Leben und Werk[Bearbeiten | Quelltext bearbeiten]

Marie von Rokitansky wurde als Tochter des Oberfinanzrates Joseph Weis, Ritter von Ostborn (1806–1904) und von Karoline Weis von Osborn geboren. Ihr Vater betätigte sich als dilettierender Geiger. Sie heiratete 1869 ihren Cousin Prokop Lothar Freiherr von Rokitansky (1843–1928), einen Arzt. Ihr Schwiegervater Carl von Rokitansky (1804–1878) war ein bekannter Pathologe, Politiker und Philosoph. Ihre Schwiegermutter und zugleich Tante, Schwester ihres Vaters, Marie Pauline (1806–1888), war als Sängerin in Erscheinung getreten. Zwei Brüder ihres Ehemannes (Hans und Viktor) wurden Opernsänger, ein weiterer Schwager war ebenfalls Arzt.[2] Ihr Ehemann, ein überzeugter Deutschnationaler, wurde 1877 als Ordinarius für Innere Medizin an die Medizinische Klinik in Innsbruck berufen.

Die Ehe blieb kinderlos. In Innsbruck veröffentlichte Marie von Rokitansky 1897 ihr Kochbuch und betätigte sich auch karitativ.

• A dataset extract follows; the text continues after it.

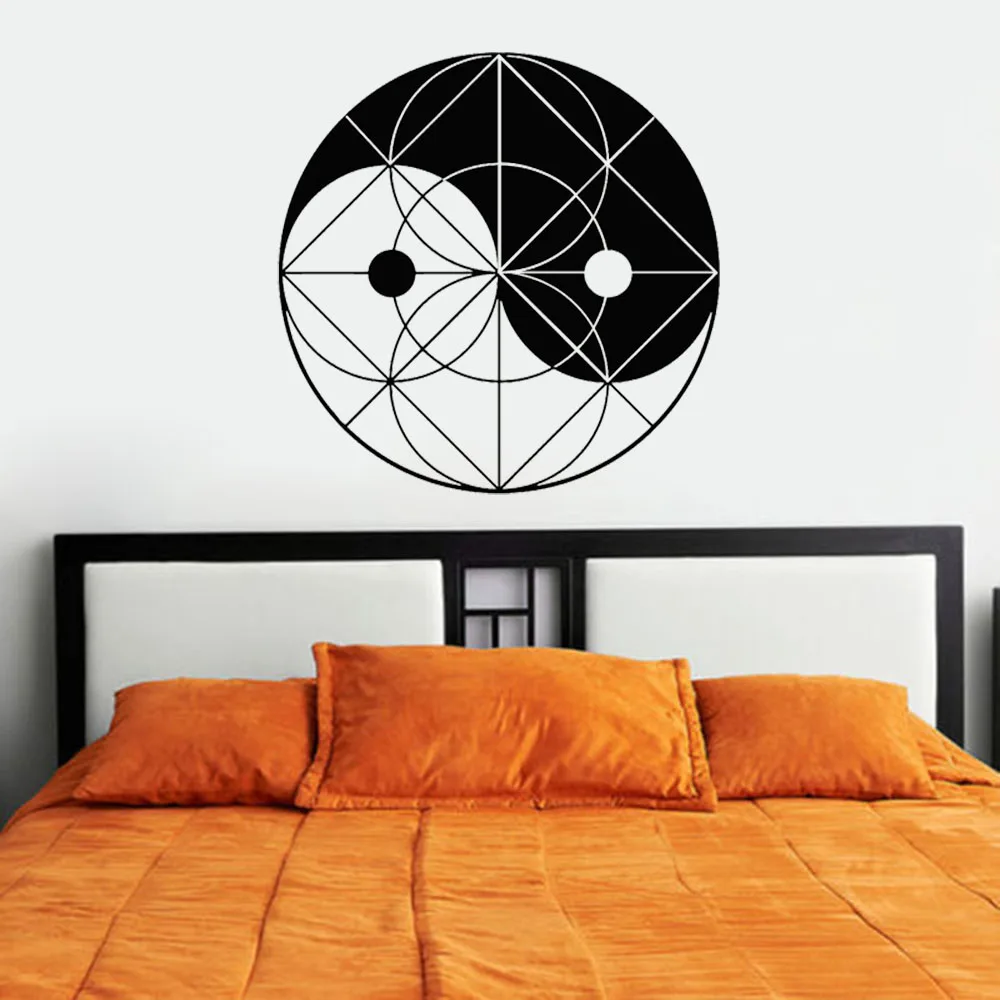 

Геометрическая Настенная Наклейка Yin Yang Circle Zen, виниловая художественная наклейка s для гостиной, спальни, Настенная Наклейка A252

Sie wollte sich mit dem Buch nützlich machen, indem sie versuchte „jungen Hausfrauen, denen daran liegt, eine gute, schmackhafte, nicht allzu verkünstelte Zubereitung der Speisen durchzuführen, ein verläßlicher Ratgeber zu sein“. Das Kochbuch ist zugleich ein Beweis der Weltgewandtheit der Autorin als auch ihres Selbstbewusstseins, stellte sie doch darin die von ihr kreierte Rokitansky-Torte vor, eine exotische Schichttorte mit viel Obersschaum und Vanille, Erdbeeren-, Marillen- und Himbeeren-Salse, einer Schicht Datteln und darüber fein gehackten Pistazien. Das Buch ist umfangreich und ausführlich, es umfasst 613 Seiten einschließlich des ausführlichen Registers, welches allein 46 Seiten beansprucht.[3] Die Autorin gibt einen Überblick über die gebräuchlichen Begriffe und das zu verwendende Kochgeschirr, zeigt auf zwei Tafeln Kräuter und Schwämme, auf zwei weiteren Fische und dekliniert die Kochkunst von den Suppen bis zum Gefrorenen, wobei die Grenzen zwischen gutbürgerlicher und ländlicher Küche nicht immer streng gezogen wurden. Das Buch, welches 550 Rezepte und auch Umrechnungstabellen von Seidel, Lot und Pfund auf metrische Maße enthält, wurde in Wien und Paris ausgezeichnet und immer wieder nachgedruckt, mit zumindest 14 Auflagen bis 1929, zuletzt 2011 in einem Reprint.[4][5] Es ist ihrer Mutter gewidmet.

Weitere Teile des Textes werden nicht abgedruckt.